In Namibia, which is near one of the largest desert regions on the continent, water and camels become very valuable. It varies greatly among regions, but the European culture of basing the economy on gold and precious metals, which are abundant in Africa, did not make sense within those communities. In general, these metals were used in construction for their power of resistance, but they were not given a high value.
Another divergence is how we view work. Thinking about Yoruba and Bantu peoples, within the cities there were craft clans. While the profession is individual and does not define the individual, the craft is the activity itself, specialized and with knowledge passed from father to son.

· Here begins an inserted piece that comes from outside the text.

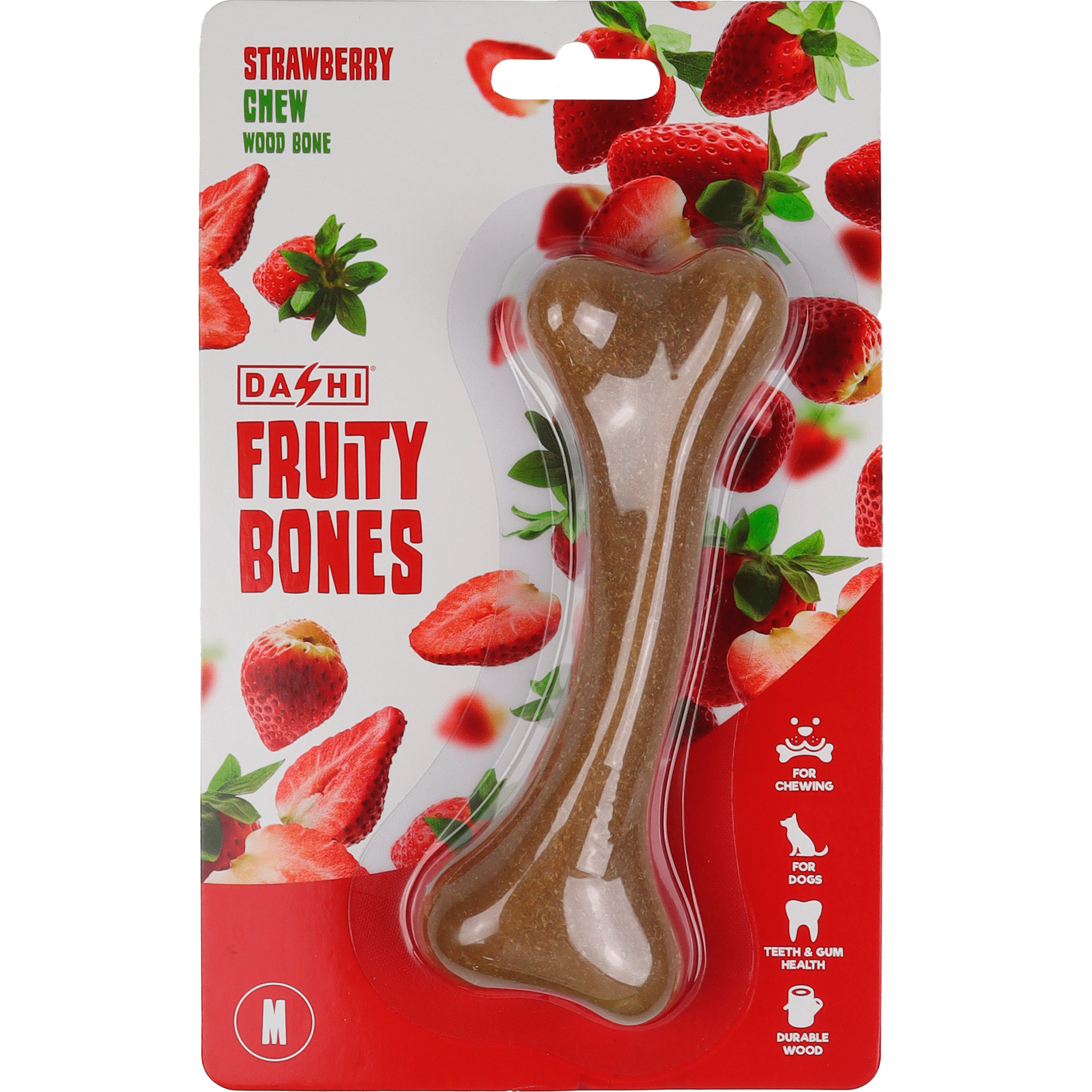 Snack para C&atilde;o Osso Mordedor Madeira Fruity Bone Morango M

“As the orixás are the guardians of the city, it was common for religion and trades to go together; if you are from the Ogum lineage, your family probably works with iron; or yet, thinking of the Bantus, if you are Zulu, your trade will probably be mining,” Njeri exemplifies. In this way, there is no mobility of craft, because it is already ancestrally defined.

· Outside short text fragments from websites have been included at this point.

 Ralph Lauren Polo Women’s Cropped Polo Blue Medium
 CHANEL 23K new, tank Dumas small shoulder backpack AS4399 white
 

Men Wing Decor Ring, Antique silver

Oyewùmí agrees. “Your family, your lineage is more important than whether you are male or female. So if hunting is the vocation of your family, you, as a woman in that family, have access and opportunity to be a hunter well before a man in a non-hunting family,” says the Nigerian sociologist.
Imagining this possible Brazil, and with so much to rescue from its latent bonds, we asked Aza Njeri what are Africa’s greatest heritages in our country. “Besides the body, the word, the ethical and aesthetic set, which are more than heritages, they are survival strategies. I think that Africa leaves us the principle of balance, the circularity of the experiences of living: our family, capoeira, samba, jongo. Circularity is a civilizing value that I can see in Afro-Brazilian black experiences,” she answers.

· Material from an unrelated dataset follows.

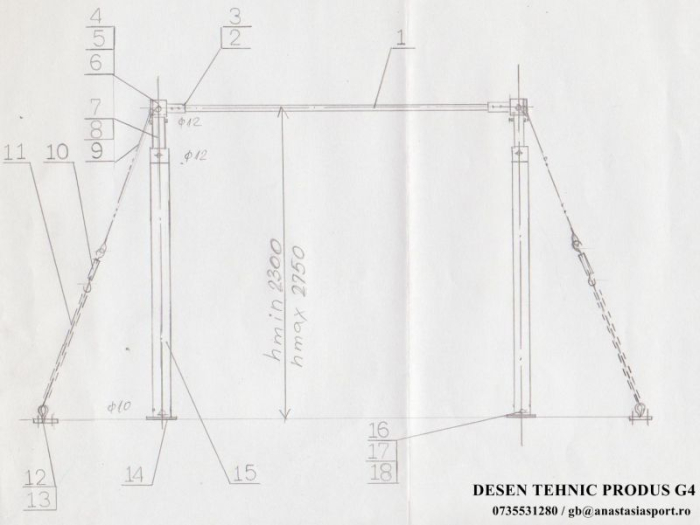 Bara orizontala gimnastica, inaltime reglabila [5]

“Another very important legacy is the ancestry, spirituality of the religions of African matrix. A candomblé terreiro is a mythical womb of African civilization, what we have of Africa as a living experience. And “pretuguese”, this “black” way of speaking Portuguese, this entrance of Bantu phonetics and lexical cadence into the Portuguese language, that will make us speak: falanu, comenu, craudia, bicicreta, you know?”
From the language, the sound, the way of looking and looking at life, millions of African lives continue to live in the Afro-Brazilian soil they built, without breaking the umbilical cord that nourishes Africa in Brazil.